Prosody recognition

The prosody recognition (also prosody classification) is a branch of the automatic pattern recognition or the pattern classification. The patterns to be classified represent prosodic properties of speech. Therefore, prosodic features are often classified in combination with speech recognition .

Analyzed prosodic properties

Intonation (measurement of the fundamental frequency)

Intonation curve comparisons
Special features in the course of the intonation: After uttering a sentence and then taking a breath, there is often a so-called pitch reset , an increase in the basic frequency at the beginning of a new sentence. The fundamental frequency shows a falling tendency in the course of uttering a sentence, this is due to the exhalation. When uttering a sentence and inhaling at the same time, the basic frequency tends to increase.
Intonation at the end of a phrase: This has a special meaning in German, for example, yes-no questions often have increasing intonation, statements tend to fall in their end intonation.
Irony shows a completely different intonation than sentences intended in this way.
To emphasize (accentuate) syllables, words or phrases, e.g. B. to avoid ambiguity, the intonation can also be changed. The syllable, word or phrase is thus stressed differently.

Energy, volume and loudness

relative volume fluctuations

Duration, quantity, rhythm, speed of speech

Pauses between words (rhythm)
mean speech rate
Deviation from the mean speaking speed
Average phoneme length
Medium syllable length
Medium word length
Medium phrase length (until breath is taken again)

These features are often mapped to linguistic models of prosody, especially intonation, because only these allow statements about the meaning of the measurements. In other words, they provide the classes that are required for pattern recognition and pattern analysis .

Preprocessing

Smoothing out microprosodic effects

Jitter and shimmer , known from micro prosody , produce irregularities in amplitude and frequency and must be removed from the speech signal before an automatic classification (e.g. intonation). This can be done by smoothing, in that the discretely sampled speech signal is smoothed with a median filter .

Interpolations

Plosives create a brief glottic closure. During this time the vocal cords do not vibrate and there is therefore no measurable basic frequency. This means that there are small gaps in the scan where no information is available. This can mislead an intonation classifier into classifying into the wrong category. Interpolation can improve correct recognition.

Detection examples

The intonation roughly corresponds to the basic frequency on the acoustic level. This can be extracted automatically from an audio signal using so-called pitch trackers (the Praat program contains, for example, a pitch tracking function). Series of fundamental frequency values arise. These discrete series of values can be approximated by means of regression analysis after interpolation and median smoothing by means of polynomials, for example straight lines . The course of the fundamental frequency can then be modeled using several more or less small straight sections.

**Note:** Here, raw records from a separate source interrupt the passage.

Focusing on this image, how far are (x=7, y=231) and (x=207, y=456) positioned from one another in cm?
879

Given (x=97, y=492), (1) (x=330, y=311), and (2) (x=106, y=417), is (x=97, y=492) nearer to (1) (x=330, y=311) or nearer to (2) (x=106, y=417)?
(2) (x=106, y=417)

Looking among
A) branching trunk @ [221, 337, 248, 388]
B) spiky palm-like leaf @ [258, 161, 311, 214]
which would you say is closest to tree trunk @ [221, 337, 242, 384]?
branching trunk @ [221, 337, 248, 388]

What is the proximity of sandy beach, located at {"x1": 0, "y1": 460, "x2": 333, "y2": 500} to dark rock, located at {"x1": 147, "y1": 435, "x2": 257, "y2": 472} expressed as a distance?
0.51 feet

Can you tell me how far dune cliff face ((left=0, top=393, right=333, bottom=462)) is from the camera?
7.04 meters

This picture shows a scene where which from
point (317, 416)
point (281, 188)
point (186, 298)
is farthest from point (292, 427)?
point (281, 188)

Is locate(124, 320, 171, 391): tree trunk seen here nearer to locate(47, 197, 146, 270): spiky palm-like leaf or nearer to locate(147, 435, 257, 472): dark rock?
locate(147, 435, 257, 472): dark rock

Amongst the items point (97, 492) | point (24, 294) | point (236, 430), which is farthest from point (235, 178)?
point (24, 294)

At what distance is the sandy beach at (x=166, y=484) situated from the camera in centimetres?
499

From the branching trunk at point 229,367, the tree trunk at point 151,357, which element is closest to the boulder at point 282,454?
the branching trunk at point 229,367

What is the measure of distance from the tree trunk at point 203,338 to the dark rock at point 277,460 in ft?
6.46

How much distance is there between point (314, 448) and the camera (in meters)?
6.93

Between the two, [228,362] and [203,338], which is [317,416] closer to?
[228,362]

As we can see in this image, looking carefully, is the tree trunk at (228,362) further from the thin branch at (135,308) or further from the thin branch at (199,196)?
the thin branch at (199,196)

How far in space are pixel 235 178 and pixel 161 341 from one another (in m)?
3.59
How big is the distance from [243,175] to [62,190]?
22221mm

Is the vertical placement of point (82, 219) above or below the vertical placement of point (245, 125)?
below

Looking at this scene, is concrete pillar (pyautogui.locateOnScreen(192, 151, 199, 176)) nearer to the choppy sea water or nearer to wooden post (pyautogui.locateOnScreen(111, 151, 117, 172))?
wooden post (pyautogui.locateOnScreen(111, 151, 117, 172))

From this approximated stress curve of the utterance, conclusions can be drawn about special prosodic events, for example steeply sloping straight lines can point to a peak in the contour, i.e. an accented word. This can be useful for a robot's understanding of dialogue, because pure speech recognition does not provide any accent information.

Areas of application

Emotion recognition

The changes in the suprasegmental properties of speech are used to "read" emotional states from the speech signal. Excited people speak faster, angry people speak louder, and frightened people speak more quietly. Sad people speak slower and more drawn out.

robotics

Prosody recognition can be used so that robots can resolve ambiguities in different linguistic levels. This improves the performance of speech recognition and increases the acceptance of the robot as a conversation or interaction partner in human-machine communication . A robot also appears more human when it can use the emotional characteristics of the voice to change its own voice in a suitable way (compassionate voice for people who sound sad, joyful voice for happy people) or to adapt its facial expressions to the emotions. A recognition of irony or humor also improves acceptance as a natural interaction partner.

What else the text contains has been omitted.